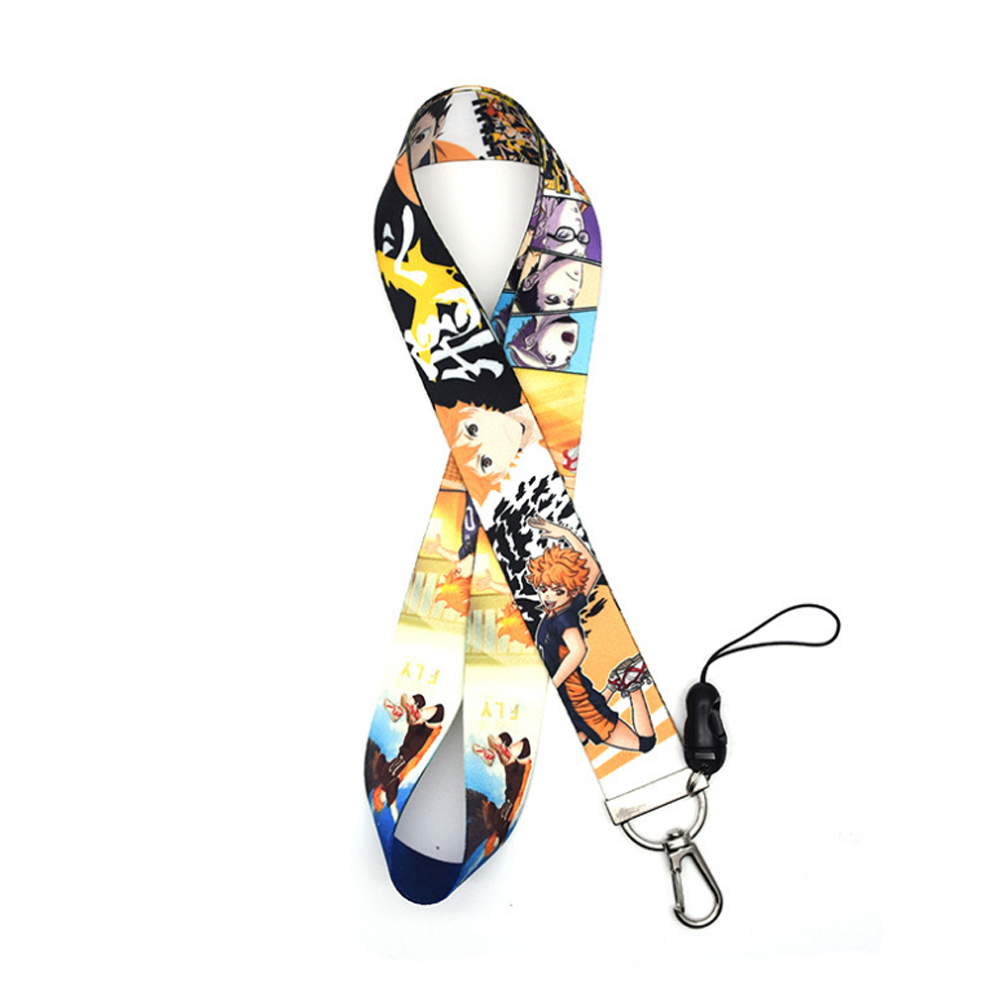 Zhenzhiao Anime Haikyuu!! Lanyard Lanyard Keychain Lanyard ID Holder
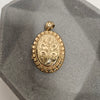 9ct Yellow Gold Locket Pendant -  6cm
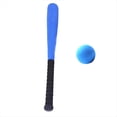 thumbnail image 2 of Bate De BéIsbol Con Pelota De 64 Cm, Divertido Juego Para NiñOs Y Adultos, Bate De BéIsbol Ligero Con Pelota De Entrenamiento, Color Azul, 2 of 5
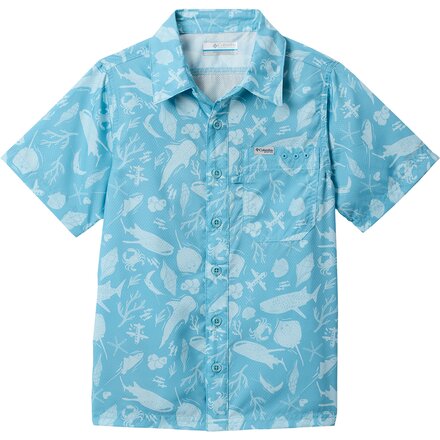 Super Slack Tide Short-Sleeve Camp Shirt - Boys'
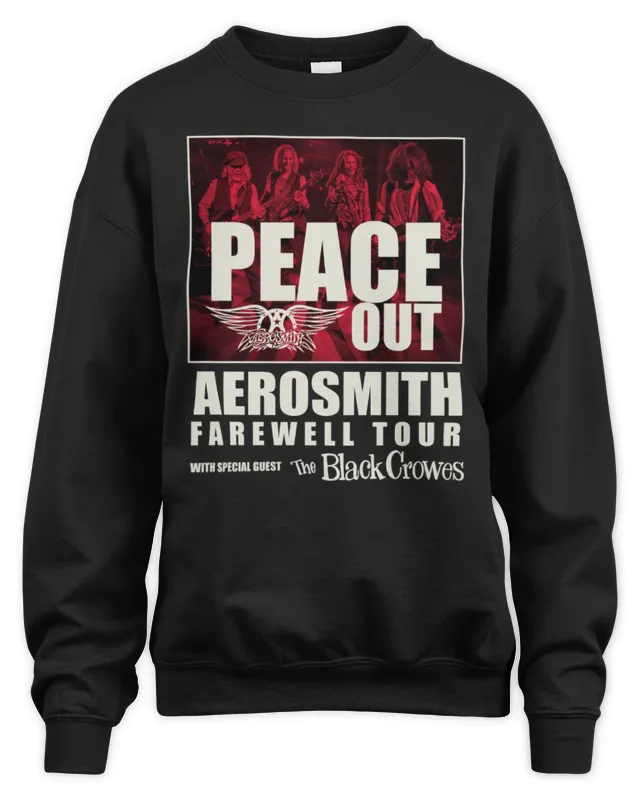 Peace Out Aerosmith Farewell Tour With Black Crowes Photo Sweatshirt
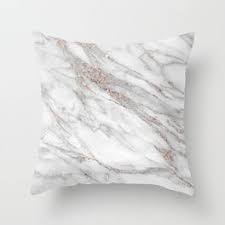 Black And Gold Couch Pillows Pink Rose Gold Blush Metallic Glitter Foil On Grey Marble Throw Pillow Rose Gold Bedroom Throw Pillows Pillows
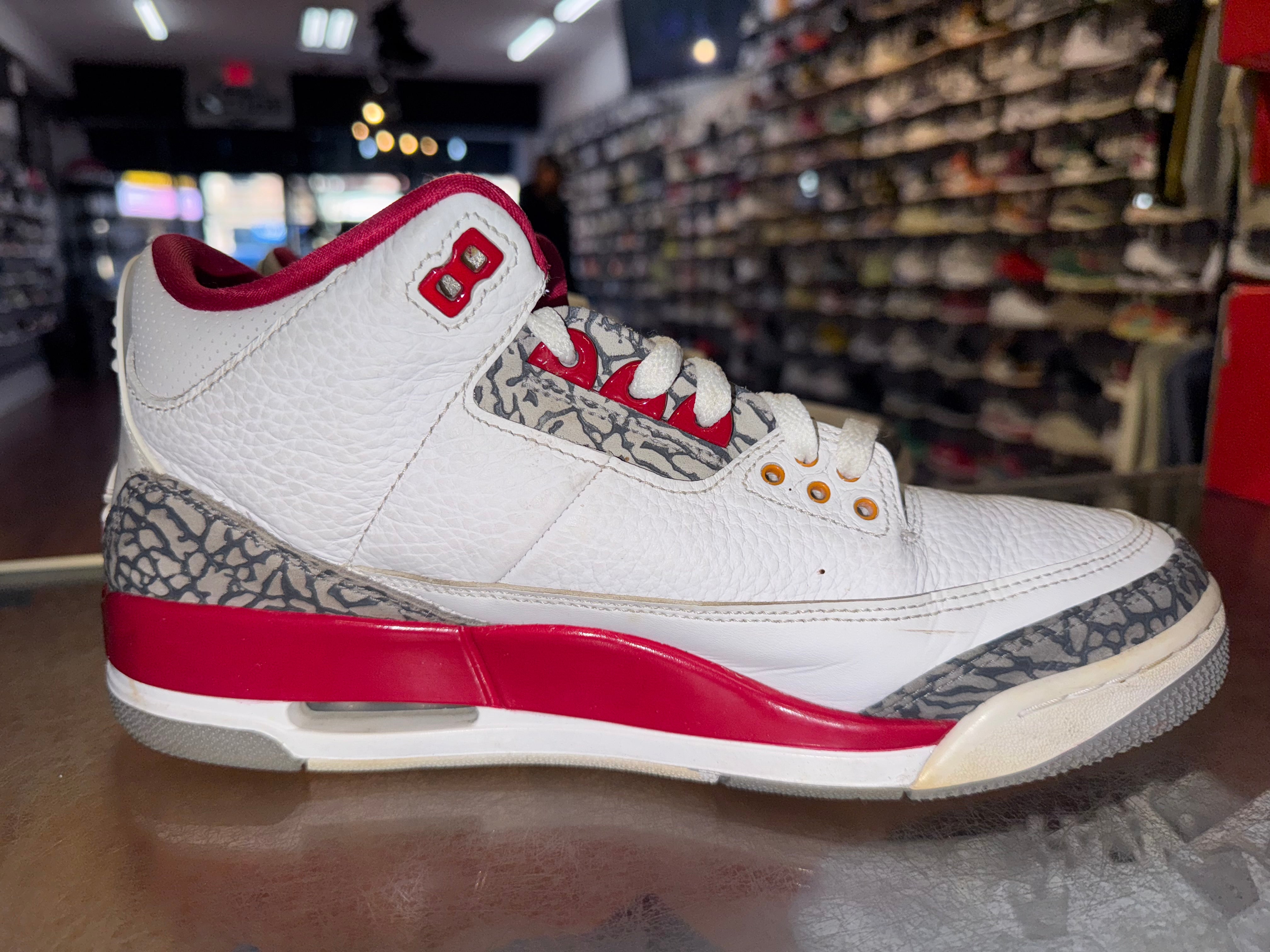 Size 10.5 Air Jordan 3 "Cardinal"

● ● ● ● ● ● ●

| HOW TO COMPLETE THIS TASK |
Retype exactly, and only, the lines from the one containing "Super Slack Tide" through the end of the material, leaving aside every picture.

| WRITTEN ANSWER |
 Super Slack Tide Short-Sleeve Camp Shirt - Boys'
 Peace Out Aerosmith Farewell Tour With Black Crowes Photo Sweatshirt
 Black And Gold Couch Pillows Pink Rose Gold Blush Metallic Glitter Foil On Grey Marble Throw Pillow Rose Gold Bedroom Throw Pillows Pillows
 Size 10.5 Air Jordan 3 "Cardinal"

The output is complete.